Review: Tastefully Yours (2025) — Disappointment Served on a Silver Platter

I really wanted to love this show. The beginning promised so much: a brilliant female chef (Mo Yeon-joo) with passion, skill, and even that CIA-certificate. The romance was believable, the tension over quality vs. business was interesting. It hooked me.

But somewhere late-midway, this drama lost its head. And the ending? It felt like giving a lukewarm apology when a straight up confession and consequence were due.

Here’s where Tastefully Yours failed—big time:

1. Lack of Accountability
Han Beom-woo (the male lead) had plenty of chances to own up. He didn’t just watch things happen: his company’s chefs stole Yeon-joo’s recipes (his mother, Young-hye, and assistant Yoo-jin). Motto got three stars by using her work. And what does he do? It’s vague excuses, soft apologies. He never publicly admits what they’d done, never faces the blowback fully.

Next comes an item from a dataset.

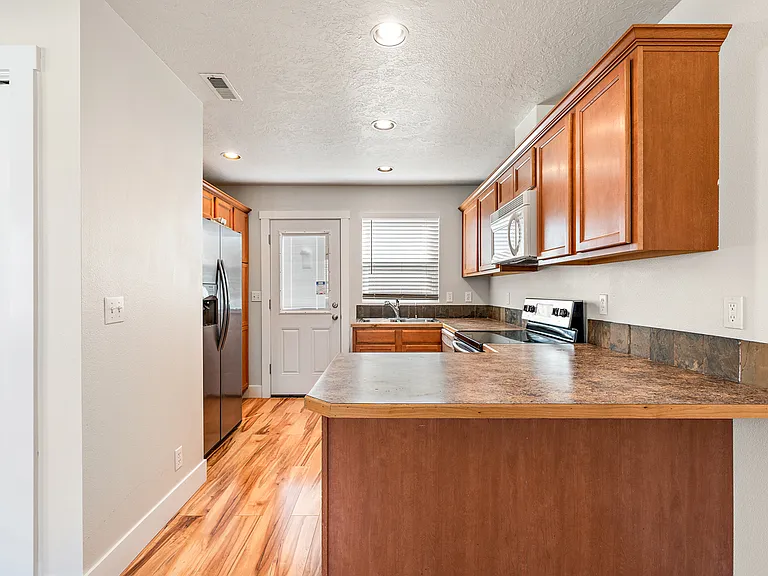 1701 S Robert St — Photo 8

That weakens the integrity of his “redemption.”


2. The Mother’s Role Whitewashed
The mother is billed as someone who built the company so her kids could eat, so blah blah. Even if that were true (and the show sort of hints it), it doesn’t erase how many people she hurt. She cultivated an environment where cheating, recipe-theft, corporate scheming were allowed. That needed to be exposed, not glossed over. Yet the ending tucks her “change” into a few nice scenes, as if that undoes years of wrongdoing.


3. Yeon-joo’s Hurt Ignored or Minimized
Every betrayal was serious: her recipes stolen, her restaurant burned, her trust smashed. But the story treats her anger as something to move past, rather than something that demands respect and resolution. The hurt doesn’t get its due. Her being the moral center doesn’t excuse how lightly the show treats what she endured.

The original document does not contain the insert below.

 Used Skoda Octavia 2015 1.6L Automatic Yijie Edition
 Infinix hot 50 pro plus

4. The False “Happy Ending” Illusion
The finale tries to wrap things with a “we’re still family” vibe, forgiveness, reconciliation. But not everyone is okay. The series needed to show real consequences: public shame, industry fallout, personal restitution. Instead, we got vague statements (“the chef quits” etc.). That is not enough. For a story so built on stolen work, this should’ve been a reckoning.

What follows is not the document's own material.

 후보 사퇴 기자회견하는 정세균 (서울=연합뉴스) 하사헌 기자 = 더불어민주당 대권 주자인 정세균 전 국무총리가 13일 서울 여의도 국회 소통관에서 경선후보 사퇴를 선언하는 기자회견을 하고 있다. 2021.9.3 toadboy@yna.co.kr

5. Missed Opportunities & Weak Plot Resolutions

The ex-boyfriend storyline (Jeon Min) pops up, teases things, then fades. Could’ve added more weight to Yeon-joo’s past.

The company (Hansang/Motto) should’ve been affected in reputation. The narrative suggests hush hush, but we never got a clear exposure.

Redemption arcs are fine, but they need to be earned. Beom-woo’s growth felt rushed and under-shown.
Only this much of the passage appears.